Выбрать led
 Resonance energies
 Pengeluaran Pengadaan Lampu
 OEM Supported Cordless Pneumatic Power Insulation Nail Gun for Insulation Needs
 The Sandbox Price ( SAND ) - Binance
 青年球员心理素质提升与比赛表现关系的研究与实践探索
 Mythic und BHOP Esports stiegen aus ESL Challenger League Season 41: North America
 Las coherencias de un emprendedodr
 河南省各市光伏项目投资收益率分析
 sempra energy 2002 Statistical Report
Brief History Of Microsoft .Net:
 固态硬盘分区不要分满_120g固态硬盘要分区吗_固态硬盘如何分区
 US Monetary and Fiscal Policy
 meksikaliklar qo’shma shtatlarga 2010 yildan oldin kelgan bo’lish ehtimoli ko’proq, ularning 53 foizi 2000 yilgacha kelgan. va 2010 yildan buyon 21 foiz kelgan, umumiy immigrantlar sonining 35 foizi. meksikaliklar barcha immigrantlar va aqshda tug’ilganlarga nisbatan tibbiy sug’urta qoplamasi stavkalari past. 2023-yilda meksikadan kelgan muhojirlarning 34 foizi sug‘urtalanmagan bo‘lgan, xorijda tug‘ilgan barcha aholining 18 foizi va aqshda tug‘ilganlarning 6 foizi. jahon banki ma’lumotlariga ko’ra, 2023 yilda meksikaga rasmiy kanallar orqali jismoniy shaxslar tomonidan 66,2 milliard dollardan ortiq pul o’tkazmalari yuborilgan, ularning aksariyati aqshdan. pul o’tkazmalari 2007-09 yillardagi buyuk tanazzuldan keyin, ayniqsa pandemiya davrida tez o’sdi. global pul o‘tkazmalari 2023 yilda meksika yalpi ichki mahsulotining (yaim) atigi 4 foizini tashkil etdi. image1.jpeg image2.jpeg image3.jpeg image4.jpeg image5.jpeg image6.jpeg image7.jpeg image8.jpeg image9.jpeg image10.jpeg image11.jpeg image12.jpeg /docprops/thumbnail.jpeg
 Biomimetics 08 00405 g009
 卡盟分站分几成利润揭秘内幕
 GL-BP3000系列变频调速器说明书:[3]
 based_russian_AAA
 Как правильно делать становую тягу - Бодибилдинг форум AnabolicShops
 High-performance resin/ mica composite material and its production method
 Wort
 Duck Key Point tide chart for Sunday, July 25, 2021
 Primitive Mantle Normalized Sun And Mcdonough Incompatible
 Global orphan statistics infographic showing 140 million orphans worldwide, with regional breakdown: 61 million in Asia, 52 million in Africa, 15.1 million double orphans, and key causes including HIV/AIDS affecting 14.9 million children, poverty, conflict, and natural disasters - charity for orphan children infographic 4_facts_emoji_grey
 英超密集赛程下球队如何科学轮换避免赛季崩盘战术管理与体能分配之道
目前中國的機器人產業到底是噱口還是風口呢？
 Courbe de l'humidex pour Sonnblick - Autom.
* * * *
■ **TASK TO CARRY OUT**: Find "The Sandbox Price ( SAND ) - Binance" in the entries above and copy that whole line exactly, then each line after it through the line that contains "Brief History Of".

■ **TASK OUTPUT**:
 The Sandbox Price ( SAND ) - Binance
 青年球员心理素质提升与比赛表现关系的研究与实践探索
 Mythic und BHOP Esports stiegen aus ESL Challenger League Season 41: North America
 Las coherencias de un emprendedodr
 河南省各市光伏项目投资收益率分析
 sempra energy 2002 Statistical Report
Brief History Of Microsoft .Net:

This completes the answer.